Before we begin today, I want to say a big that you to everyone who has donated via the ‘buymeacoffee’ link. It makes a huge difference. The podcast is now breaking even and I am fully caffinated. Which makes me happy on two fronts. So thank you so much. 

 

But you’re here for a story so let’s get started. This weeks it is…

 

A tall tale about bees and alien invasion

 

Here we go…

 

Mum, Tammy and Stanley the dog, were out taking a walk before school started. It was a cold, wet morning. Tammy did not want to be there. She wanted to be at home waiting for her the start of her zoom with her class. Tammy did not like being late. But Mum did not like Tammy sitting in the house all day slowly turning into a vegetable.

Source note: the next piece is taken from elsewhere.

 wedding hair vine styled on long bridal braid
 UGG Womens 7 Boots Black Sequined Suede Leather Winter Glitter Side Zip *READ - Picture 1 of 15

‘If you don’t move occasionally, mould will start to grow on you, then fungus, then algae will grow in the fungus and become lichen,’ said Mum. ‘Then a bird will burrow into your trunk and lay eggs and before you know it - you’ll be a habitat - then the wildlife people will stick up fencing all around you and declare you an area of significant natural heritage and you’ll never be able to move again,’ said Mum.

‘You’re obsessed with fungus,’ accused Tammy.

Mum nodded. ‘It’s true. I love a brightly coloured fungus on a fallen log. Or toadstool that suddenly appears fully grown in the middle of the lawn. It’s magical how they go from not there to there. 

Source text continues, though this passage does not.